You use words that are alien to everyone. Well, there is a small incertainity in "everyone" and it is there where the people who actually understand DHCP, DoS, etc. live. This is a very, very small place.
So no, nobody will ever look at a certificate.
When I look at them, as a security professional, I usually need to rediscover where the fuck they moved the certs details again in the browser.
Who said a word about looking at a certificate?
I said exactly the words I meant.
> I don't look at the browser bar or symbols on it. I care what my bookmarks do, what URLs I grab from history do, what my open tabs do, and what happens when I type things in.
Without the identity component, I can't trust that those things I care about are insulated from local interference. With the identity component, I say it's fine to connect to random public wifi. Without it, it wouldn't be.
That's the relevant level. "Is it ok to connect to public wifi?" With identity validation, yes. Without, no.
When you say identity, you mean “the identity of someone that convinced a certificate authority that they controlled walmart.com’s dns record at some point in the last 47 days, or used some sort of out of band authentication mechanism”.
You don’t mean “Walmart”, but 99% of the population thinks you do.
Is it OK to trust this for anything important? Probably not. Is OK to type your credit card number in? Sure. You have fraud protection.
So what you're saying is that you actually understand the identity portion is critical to how the web is used and you're just cranky. It's ok. Take a walk, get a bite to eat. You'll feel better.
I’m not the person you were arguing with. Just explaining your misunderstanding.
Right so misrepresenting your identity with similar looking urls is a real problem with PKI. That doesn’t change the fact that certificates are ultimately about asserting your identity, it’s just a flaw in the system.
Web browsers have had defenses against homograph attacks for years now, my man, dating back to 2017. I'm somewhat doubtful you're on top of this subject as much as you seem to be suggesting.
> This naively (or maliciously perhaps) maintains that the "purpose" of the certificate is to identify an entity. [...] identity is not the primary purpose certificates serve in the real world.
Identity is the only purpose that certificates serve.
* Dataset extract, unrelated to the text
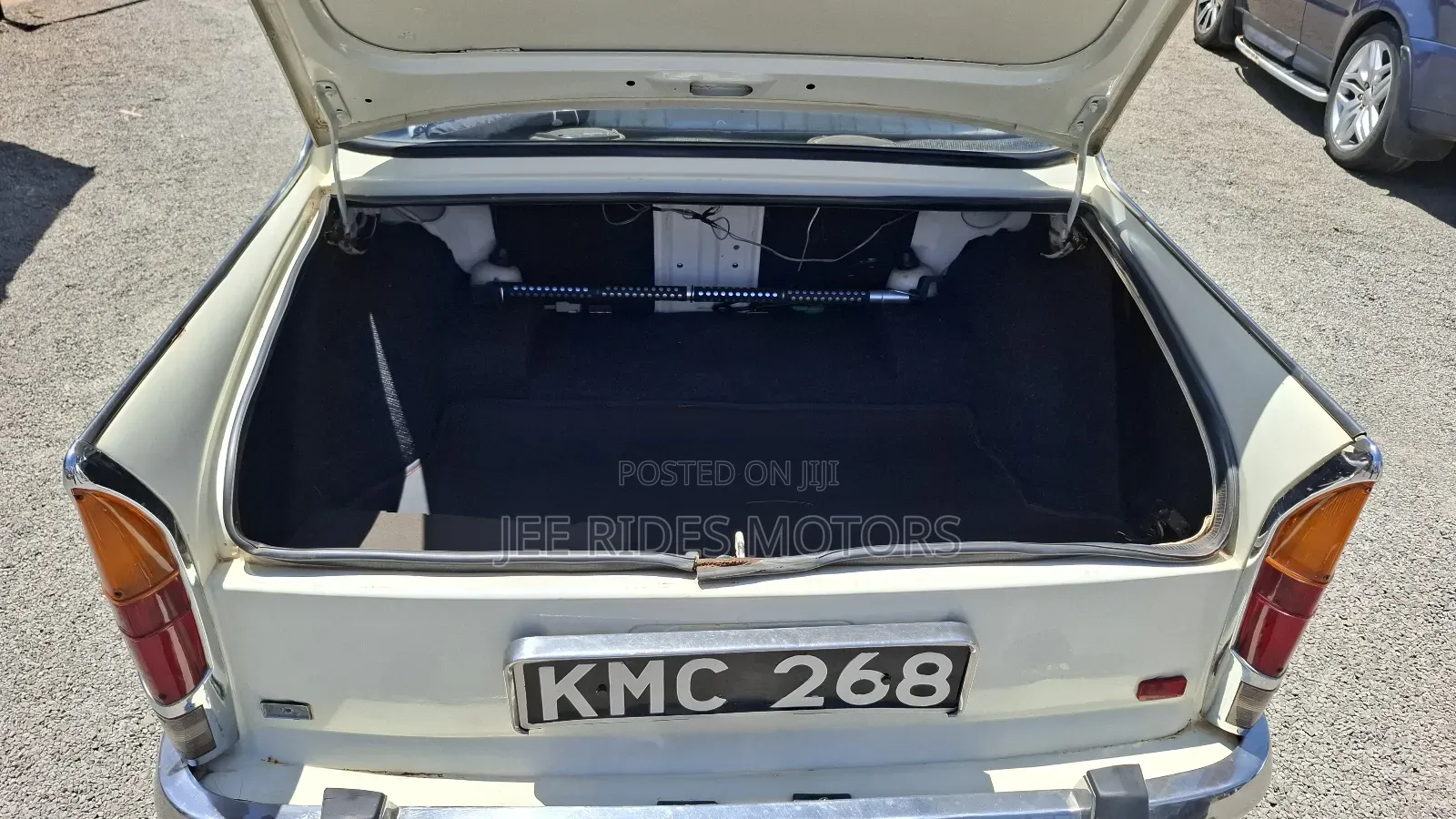 Peugeot 404 1965 White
SSL/TLS wouldn't have needed certificates at all if the goal was purely encryption: key exchange algorithms work just fine without either side needing keys (e.g. the key related to the certificate) ahead of time.
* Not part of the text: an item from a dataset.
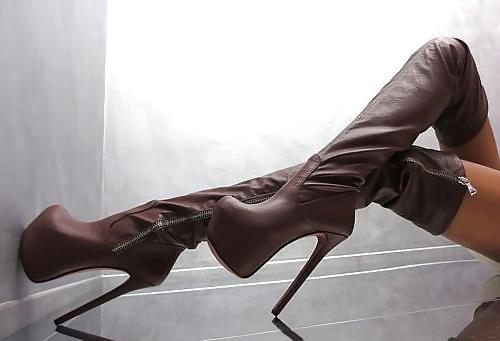 23P Leather High Heels And Boots 2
But encryption without authentication is a Very Bad Idea, so SSL was wisely implemented from the start to require authentication of the server, hence why it was designed around using X.509 certificates. The certificates are only there to provide server authentication.
>This naively (or maliciously perhaps) maintains that the "purpose" of the certificate is to identify an entity. While identity and safeguarding against MITM is important, identity is not the primary purpose certificates serve in the real world. At least that is not how they are used or why they are purchased.
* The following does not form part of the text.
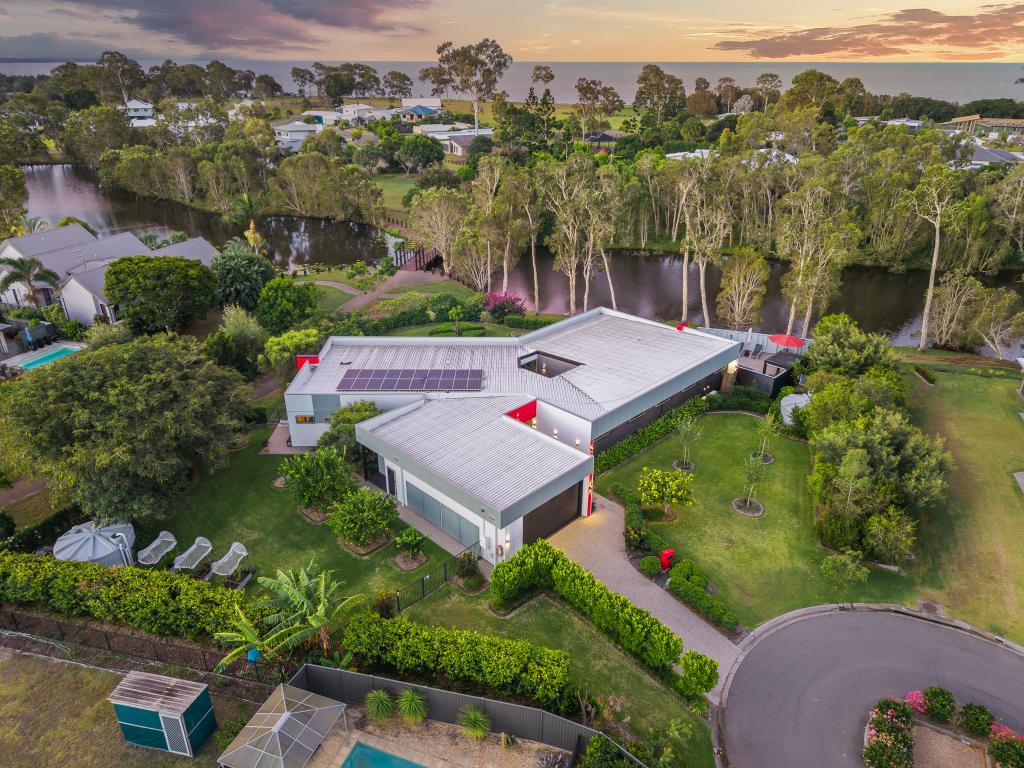 4-6 JUBATA CT, BURRUM HEADS, QLD 4659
"example.com" is an identity just like "Stripe, Inc"[1]. Just because it doesn't have a drivers license or article of incorporation, doesn't mean it's not an identity.
[1] https://web.archive.org/web/20171222000208/https://stripe.ia...
>This is just another gatekeeping measure to make standing up, administering, and operating private infrastructure difficult. "Just use Google / AWS / Azure instead."
Certbot is trivial to set up yourself, and deploying it in production isn't so hard that you need to be "Google / AWS / Azure" to do it. There's plenty of IaaS/PaaS services that have letsencrypt, that are orders of magnitude smaller than those hyperscalers.